If you're a programmer and you don't have visualization as one of your main tools in your belt, then good news, you just found how to easily improve your skill set. Really it should be taught in any programming course.
Note: This post won't get you from zero to visualization expert, but hopefully it can pique your curiosity and will provide plenty of references for further study.
Note: This post won't get you from zero to visualization expert, but hopefully it can pique your curiosity and will provide plenty of references for further study.
Visualizing data has two main advantages compared to looking at the same data in a tabular form.
The first is that we can pack more data in a graph that we can get by looking at numbers on screen, even more if we make our visualizations interactive, allowing explorations inside a data set. Our visual bandwidth is massive!
This is useful also because it means we can avoid (or rely less on) summarization techniques (statistics) that are always by their nature "lossy" and can easily hide important details (the Anscombe's quartet is the usual example).
Anscombe's quartet, from wikipedia. Data has the same statistics, but clearly different when visualized |
The second advantage, which is even more important, is that we can reason about the data much better in a visual form.
0.2, 0.74, 0.99, 0.87, 0.42, -0.2, -0.74, -0.99, -0.87, -0.42, 0.2
What's that? How long do you have to think to recognize a sine in numbers? You might start reasoning about the simmetries, 0.2, -0.2, 0.74, -0.74, then the slope and so on, if you're very bright. But how long do you think it would take to recognize the sine plotting that data on a graph?
It's a difference of orders of magnitude. Like in a B-movie scifi, you've been using only 10% of your brain (not really), imagine if we could access 100%, interesting things begin to happen.
I think most of us do know that visualization is powerful, because we can appreciate it when we work with it, for example in a live profiler.
Yet I've rarely seen people dumping data from programs into graphing software and I've rarely seen programmers that actually know the science of data visualization.
Visualizing program behaviour is even more important in the context of rendering engineers or any code that doesn't just either fail hard or work right.

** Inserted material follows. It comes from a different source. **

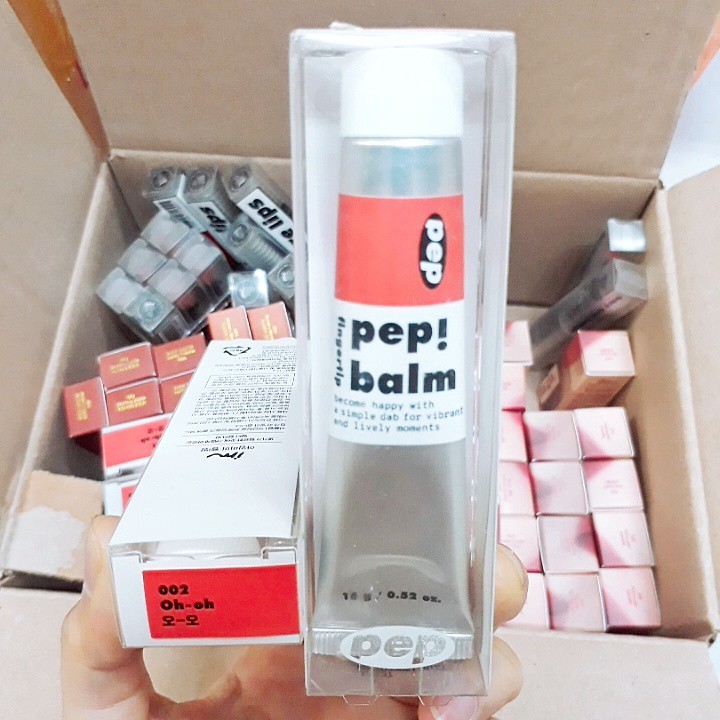 Son dưỡng + má hồng I'm Meme Pep Balm | BigBuy360 - bigbuy360.vn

We can easily implement algorithms that are wrong but doesn't produce a completely broken output. It might be just slower (i.e. to converge) than it needs to be, or more noisy, or just not quite "right" and cause our artists to try to adjust for our mistakes by authoring fixes in the art (this happens -all- the time) and so on.
And there are even situations where the output is completely broken, but it's just not obvious from looking at a tabular output, a great example for this would be in the structure of LCG random numbers.
This random number generator doesn't look good, but you won't tell from a table of its numbers... |
- Good visualizations
The main objective of visualization is to be meaningful. That means choosing the right data to study a problem, and displaying it in the right projection (graph, scale, axes...).
The right data is the one that is interesting, it shows the features of our problem. What questions are we answering (purpose)? What data we need to display?
The right projection is the one that shows such features in an unbiased, perceptually linear way, and that makes different dimensions comparable and possibly orthogonal. How do we reveal the knowledge that data is hiding? Is it x or 1/x? Log(x)? Should we study the ratio between quantities or absolute difference and so on.
Information about both data and scale comes at first from domain expertise. A light (or sound) intensity probably should go on a logarithmic scale, maybe a dot product should be displayed as the angle between its vectors, many quantities have a physical interpretation and a perceptual interpretation or a geometrical one and so on.
But even more interestingly, information about data can come from the data itself, by exploration. In an interactive environment it's easy to just dump a lot of data to observe, notice certain patterns and refine the graphs and data acquisition to "zoom in" particular aspects. Interactivity is the key (as -always- in programming).
- Tools of the trade
When you delve a bit into visualization you'll find that there are two fairly distinct camps.
One is visualization of categorical data, often discrete, with the main goal of finding clusters and relationships.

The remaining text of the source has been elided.